You could also do it through substitute(:help :su):

  • %s/^\s*//
  • %s/\s=.*$/,/


I want it works in visual mode because sometimes the code is not perfectly column aligned. So hope there is an easy way to column copy in the visual mode instead of manually align the code first.

You can do this without changing the code visually; what you really want is to retrieve the number of the lines currently selected:

function! MyIndent()
    silent s/^\s*//
    silent s/\s=.*$/,/

vnoremap <leader>i :call MyIndent()<CR>

With this you can select the lines and hit leader (usually \)+i to perform the changes.

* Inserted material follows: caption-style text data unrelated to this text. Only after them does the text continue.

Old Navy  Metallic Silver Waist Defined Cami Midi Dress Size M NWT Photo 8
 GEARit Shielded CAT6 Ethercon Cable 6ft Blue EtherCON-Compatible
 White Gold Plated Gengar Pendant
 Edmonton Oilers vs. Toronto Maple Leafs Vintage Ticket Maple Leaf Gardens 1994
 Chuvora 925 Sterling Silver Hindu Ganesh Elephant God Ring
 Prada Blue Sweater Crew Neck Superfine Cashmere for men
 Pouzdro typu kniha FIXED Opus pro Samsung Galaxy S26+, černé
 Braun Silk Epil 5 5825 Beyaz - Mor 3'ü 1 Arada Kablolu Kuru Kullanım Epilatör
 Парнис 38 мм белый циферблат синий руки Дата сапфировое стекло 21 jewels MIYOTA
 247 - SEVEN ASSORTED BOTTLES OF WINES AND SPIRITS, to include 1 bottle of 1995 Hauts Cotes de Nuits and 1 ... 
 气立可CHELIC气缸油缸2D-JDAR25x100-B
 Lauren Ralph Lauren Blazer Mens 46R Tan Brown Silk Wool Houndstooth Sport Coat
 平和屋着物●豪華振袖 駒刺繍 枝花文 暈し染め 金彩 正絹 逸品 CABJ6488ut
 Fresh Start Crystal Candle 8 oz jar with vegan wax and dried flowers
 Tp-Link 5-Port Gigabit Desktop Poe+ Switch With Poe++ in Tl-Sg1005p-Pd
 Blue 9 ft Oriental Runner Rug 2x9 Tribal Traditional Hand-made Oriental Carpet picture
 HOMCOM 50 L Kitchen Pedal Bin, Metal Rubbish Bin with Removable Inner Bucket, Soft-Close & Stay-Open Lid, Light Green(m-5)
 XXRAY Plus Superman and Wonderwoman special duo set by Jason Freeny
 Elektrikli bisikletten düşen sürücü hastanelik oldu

  • visual block is normally <c-v> but sometimes <c-q> on windows
    – Mass
    Jan 26, 2018 at 13:12
  • @Mass nice catch; I've updated the answer.
    – mMontu
    Jan 26, 2018 at 13:25
  • I want to find a way in visual mode not visual block mode. Gx is selecting all lines. The example I show is a very simple case, it's inside a huge text file.
    – Fisher
    Jan 26, 2018 at 15:04
  • 1
    @Fisher Why does it have to be visual mode? That's an odd and pretty arbitrary restriction. As for Gx selecting all lines, just use an appropriate movement command that works in your file (which you haven't shown us) instead of G.
    – Rich
    Jan 26, 2018 at 15:47
  • 1
    @Rich indeed, I'm using behave mswin, which does change 'selection'. And actually I had misread your message -- my approach misses the spaces before the comma. I'm going to update the answer. Thanks!